Time and money. These are things that we all seem to lack. If one is abundant for a moment, the other is scarce. In this day and age it seems that families are cutting every penny to make ends meet. Men and women work full time and some work two jobs just to stay afloat. After making the money to pay the bills, time is spent on household duties, bonding with the kids, school activities and sports. With what time is left, some spend volunteering for local charities and community groups.
Volunteers at VRFPD are required to give up countless hours from the time they are added to the roster. These hours include basic training (145 hours), drill (every Monday night for 2.5 hours), weekend training for any outside classes, driver training (16 hours), Pumper Operator training (40 hours), First Responder training (45 hours), EMT Basic (145 hours), plus any hours spent driving out of district to attend outside training. All these, along with the requirement hours of continuing education, to remain certified.
In the past few installments of the newsletter and newspaper articles we have broached the issue of our aging fleet, which is well beyond what the National Fire Protection Association (NFPA) deems appropriate.
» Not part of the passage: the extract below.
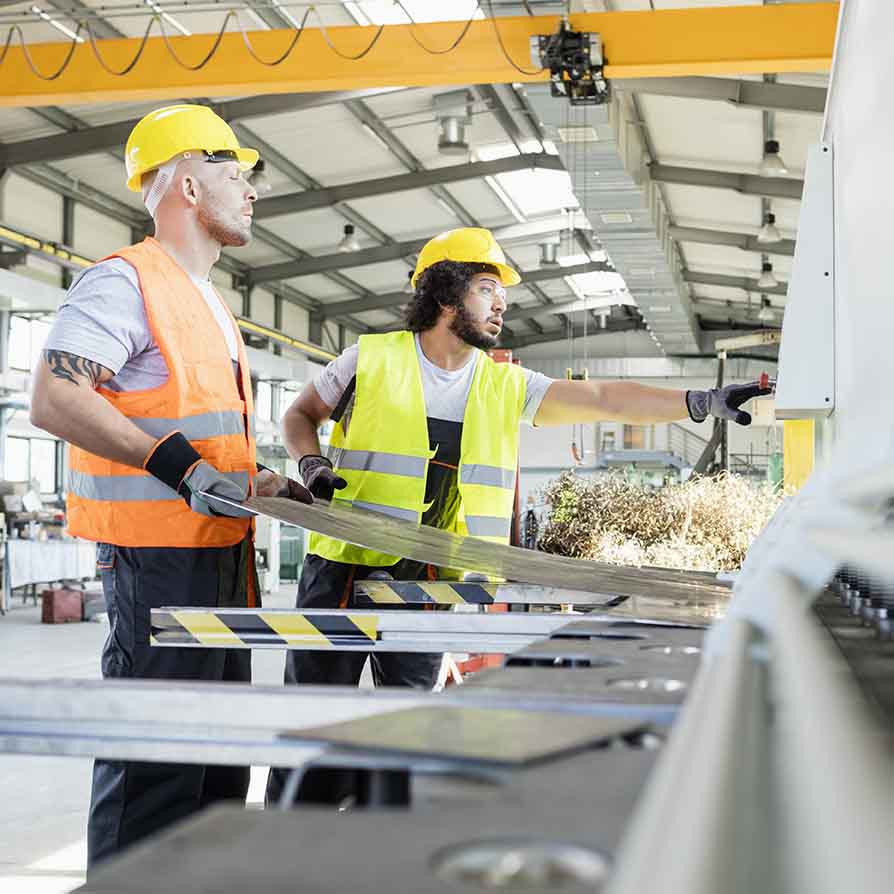 Two Employees Working at a Metal Shop Two Employees Working at a Metal Shop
An apparatus should be moved to second position after ten years, and can be considered as a backup unit after twenty. At twenty-five it should be removed completely from service. Our first out engine is fourteen years old and our oldest responding apparatus is forty years old. It starts and runs, responds to calls and training, but is slow and only a handful of the volunteers can drive it. It requires much more work for our volunteers than an updated machine would.
One of our officers has been tasked with reevaluating our fleet and how we use it. Can we recycle and up fit what we have to better and more efficiently serve our community? What changes can we make that will save funds in the long run? We are considering all angles and have a plan in the works.
Your current tax dollars provide upkeep for the station and grounds, an office person that keeps the bills paid and accounting in check, apparatus to put fires out, control accidents and generally help people in need. The Fire Chief is tasked with making sure that apparatus respond, personnel is trained, nobody gets injured and the public gets served.
So at this time you might ask, “What does this have to do with time and money?”
We need more volunteers so we can spread the work load more evenly, freeing up more time for those that have worked themselves ragged. We need funding for apparatus upgrades to make our service to the community more efficient. We need funding to entertain the possibility of one more paid personnel, which will benefit our volunteers, our students, and most importantly, you.
It is our mission to figure out how to make this all possible and continue to grow, serve and protect.